Someone who owns 51% of the hashrate can reverse any transaction regardless of its confirmations, it's just be a matter of time. They decide what's the correct chain. If they own less than that, then the more the confirmations the more difficult it becomes to catch up.
This probability can be calculated using the C code displayed in the whitepaper:
#include <math.h>
double AttackerSuccessProbability(double q, int z)
{
double p = 1.0 - q;
double lambda = z * (q / p);
double sum = 1.0;
int i, k;
for (k = 0; k <= z; k++)
{
double poisson = exp(-lambda);
for (i = 1; i <= k; i++)
poisson *= lambda / i;
sum -= poisson * (1 - pow(q / p, z - k));
}
return sum;
}
Where z is the blocks you expect to be found, q the probability for an attacker to solve those blocks and p the probability for the honest nodes to solve those blocks. Set the proportion of the hash rate and the confirmations accordingly to what you want, here:
https://web.archive.org/web/20181231045818/https://people.xiph.org/~greg/attack_success.htmlHere's some noteworthy results:
- With 30% of the hash rate, you have a ~62% chance to reverse a transaction with 1 confirmation.
- With 40% of the hash rate, you have a ~55% chance to reverse a transaction with 5 confirmation.
- With 20% of the hash rate, you have a ~10% chance to reverse a transaction with 3 confirmation.
Everything drops off exponentially as confirmations (z) increase. The 6 confirmations have the best security:speed ratio.
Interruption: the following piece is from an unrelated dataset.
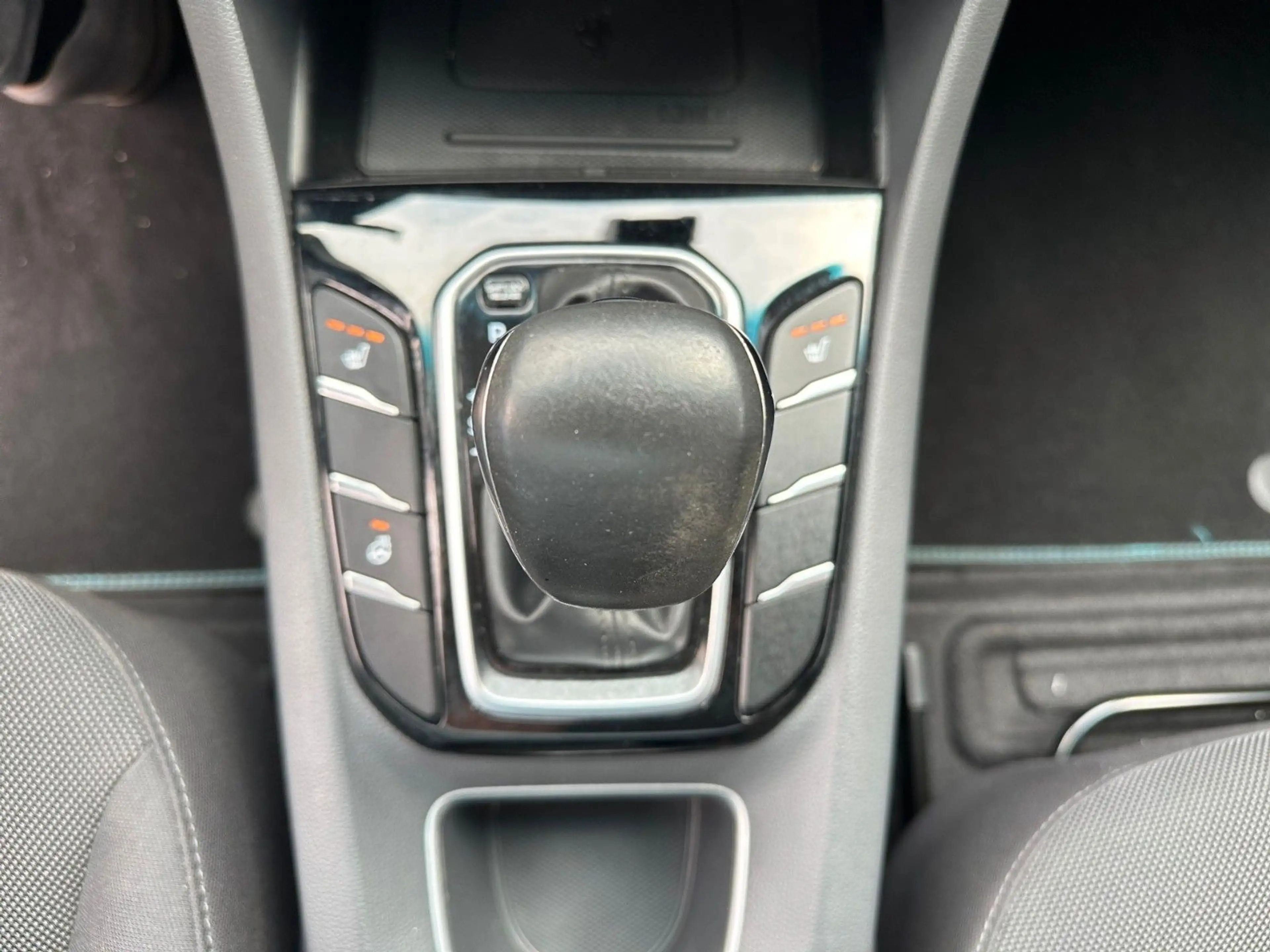 Hyundai IONIQ Ioniq Hybrid Style Bi-Xenon Navi — photo 13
It takes 1 hour, but even for someone who owns one third of the hash rate, it's improbable for their attack to succeed. (~21% chance)
I'm trying to understand something you're trying to explain about the probability of a 51% attack, which I can understand based on your description of how likely they are to reverse a confirmed transaction. Now I know that you've explained it, but considering the cost and probability of carrying out this attack is very small (a matter of time), I wouldn't think too much into it. Also, thanks for the technical explanation.